Some thirty-five years ago when I was working for a bank, one of my managers taught me the secret formula for life as a banker.  “3 6 3” he told me. “Pay your depositors interest of 3%. Loan out money to your borrowers at 6%. Be on the golf course by 3pm.”  If only life were so simple today.

In the past five years there has been an unprecedented change in interest rates, not only in North America, but around the world. As a result of actions by central banks, most developed world governments, and major corporations, interest rates have fallen to record lows. The Government of the U.S. can today borrow money for about 1.35% for ten years.  The Canadian Government can do even better, paying just under 1% for ten years. In Europe, the Swiss will charge you money for making bank deposits, and 30 year Swiss government bonds pay interest of 0.1% per year. About $10 trillion of sovereign debt pays negative interest rates.
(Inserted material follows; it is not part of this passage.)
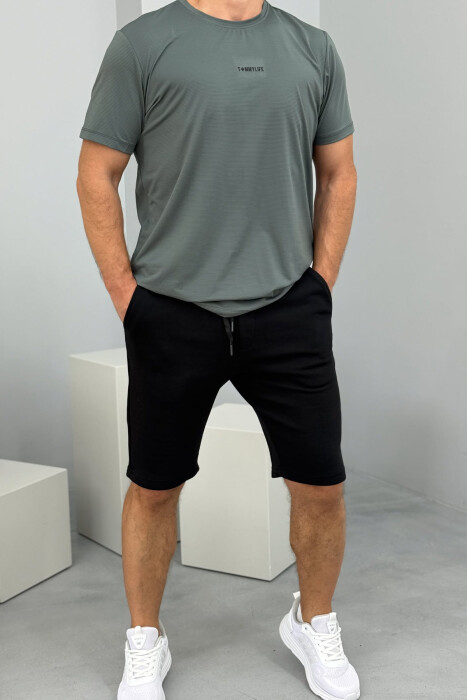 TUTA TË SHKURTRA TË THJESHTA PËR MESHKUJ NË NGJYRËN E ZEZË - KLAUDIO FASHION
The hyper-low interest rates have been wonderful for home-buyers and consumers.  Fixed rate mortgages are available at interest rates as low as 2.3%, which seems unbelievable to anyone over 40. Automobile purchase loans are available at under 3%, which is great for car makers. But what is a blessing for borrowers is a curse for savers.

Gone are the days when the bank on the corner would sell a five year Certificate of Deposit paying 5%. Today that same bank will offer you 1.5%, or perhaps even as much as 1.75%.  Bond funds strain to produce returns over 2%.  With consumer inflation running around 1.5%, savers and bond buyers are getting a real return close to zero, without even taking taxation into consideration.  

Investing in CDs, bonds and money market funds had long been the sweet spot for older investors and those worried about stock market volatility. Returns might not have been wonderful, but at least there was no risk of losing money. Knowing the interest rate that would be paid provided a sense of security and made planning easier.  Now, however, that sense of security has gone up to such a high price that it is unaffordable to most savers. Those who need a return from their portfolio to maintain their life styles simply can no longer get it from the fixed income market. Those who persist find that they must either eat into capital, or curtail their spending; both are unpalatable choices. What was sweet has turned sour, and old ideas about investment, about risk and return, simply do not work in this environment.

Recent pronouncements from central banks in Canada, the US, Britain and Europe have made it clear that interest rates will rise slowly, if at all, over the next few years. In today’s world, risk adverse investors need to expand their horizons. Stock market volatility can be scary, or as was the case in 2008, terrifying. But it is a fact that even with the inevitable market crashes and crises along the way, stocks tend to rise over time.  Even the disaster of 2008/09, the worst stock market crash since the 1930’s and during which the S&P 500 fell 50%, took only about two or three years to repair. Most market events are much less dramatic and over the long haul, amount to mere blips on an upward sloping line.

Our belief is that in a world of low economic growth and low interest rates, dividends will command a level of attention and importance that they last saw in the early part of the last century. Stocks will be held not only because they may increase in value, but as much or more because they pay dividends which provide a better return than bonds. The best stocks to own will be the ones which are the most reliable dividend payers and dividend growers, and investors will pay a hefty premium to own these kind of securities. Over the past forty years, dividends have provided 1/3rd of the total return for investors in the S&P 500 and about ½ of the return for investors in the S&P/TSX.  We would not be surprised to see dividends account for more than half of all returns on US markets in the coming years.

It may seem odd to be moving towards greater weightings in equities at just the time that the US markets are hitting record highs. Investors should realize that there is a good reason for those highs – bonds are being sold and stocks are being bought, a trend we expect to last for a long time. We will continue to be diligent in seeking out value and protection for our clients, and in our view, that is more likely to be found in high quality stocks than in bonds.